» **Records for this exercise**
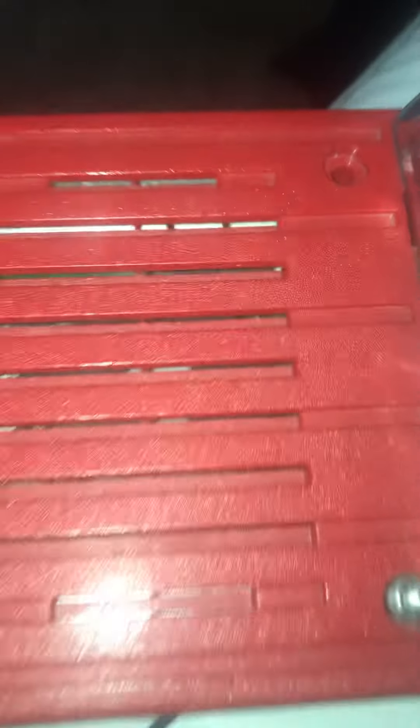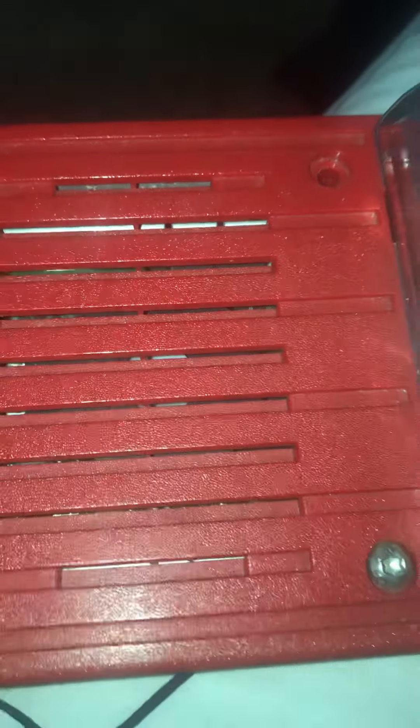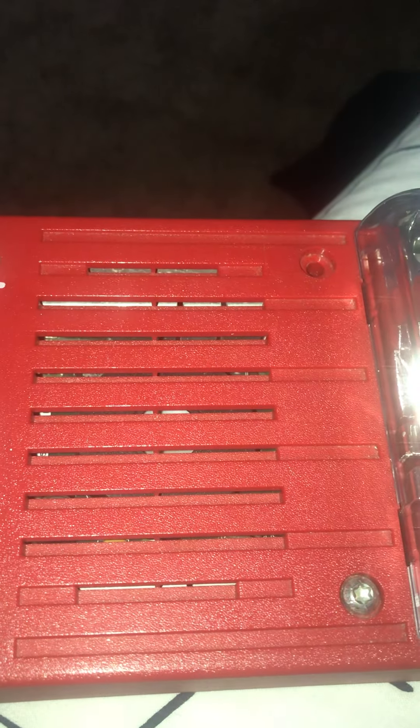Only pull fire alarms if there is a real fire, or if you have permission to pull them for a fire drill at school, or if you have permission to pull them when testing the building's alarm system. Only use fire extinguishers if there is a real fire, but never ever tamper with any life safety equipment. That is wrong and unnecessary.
--
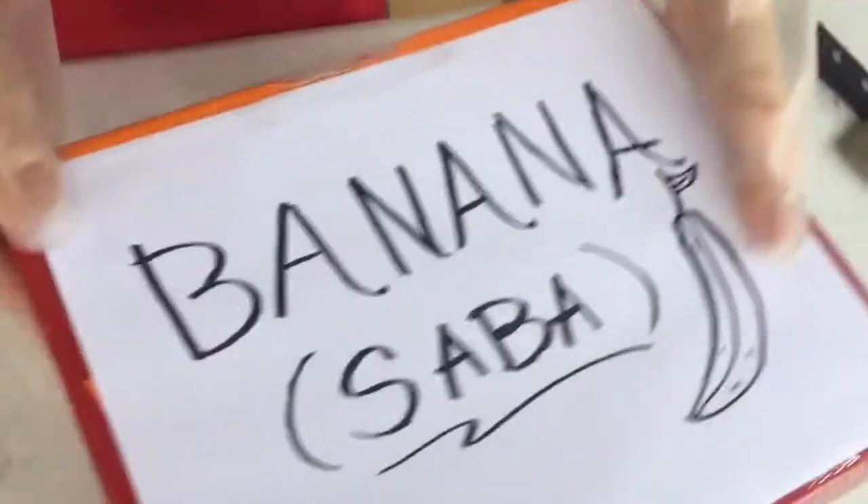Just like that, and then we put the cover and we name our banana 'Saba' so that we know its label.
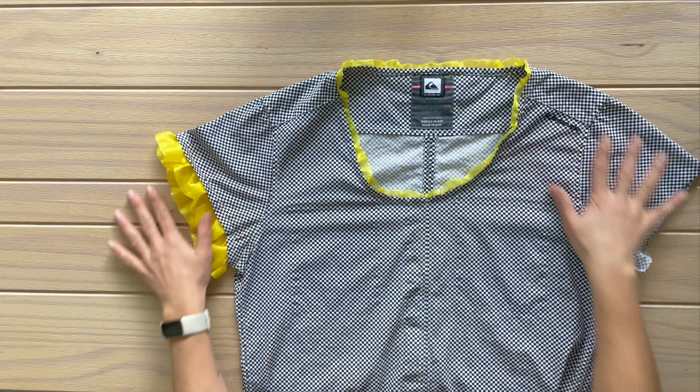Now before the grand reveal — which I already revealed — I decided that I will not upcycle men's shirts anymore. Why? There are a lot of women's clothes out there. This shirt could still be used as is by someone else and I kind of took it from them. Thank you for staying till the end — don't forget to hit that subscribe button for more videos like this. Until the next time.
...
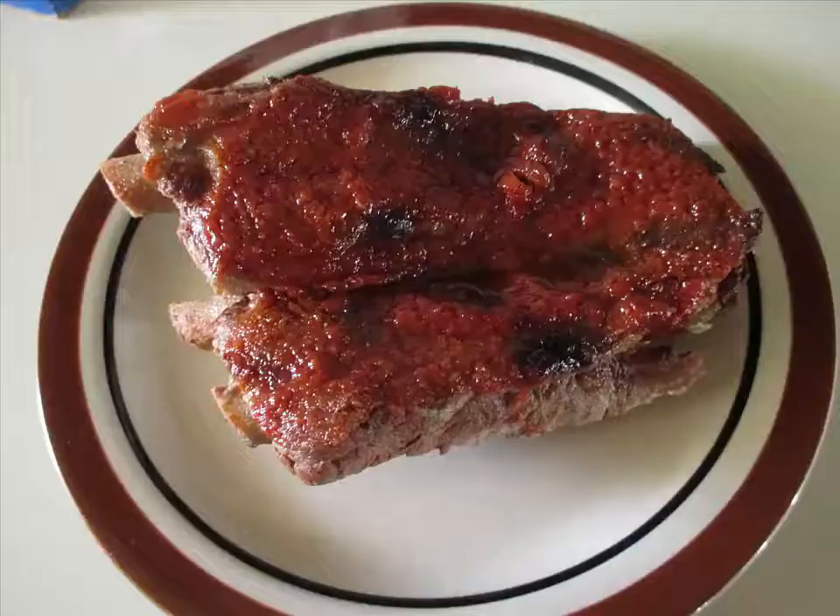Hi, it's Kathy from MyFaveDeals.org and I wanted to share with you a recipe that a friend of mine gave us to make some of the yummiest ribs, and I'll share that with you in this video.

» **Instructions to follow**
Would you please reproduce the entries above, starting at the line with "Just like that, and" and stopping after the line with "Now before the"? Omit any pictures.

» **Exercise result**
Just like that, and then we put the cover and we name our banana 'Saba' so that we know its label.
Now before the grand reveal — which I already revealed — I decided that I will not upcycle men's shirts anymore. Why? There are a lot of women's clothes out there. This shirt could still be used as is by someone else and I kind of took it from them. Thank you for staying till the end — don't forget to hit that subscribe button for more videos like this. Until the next time.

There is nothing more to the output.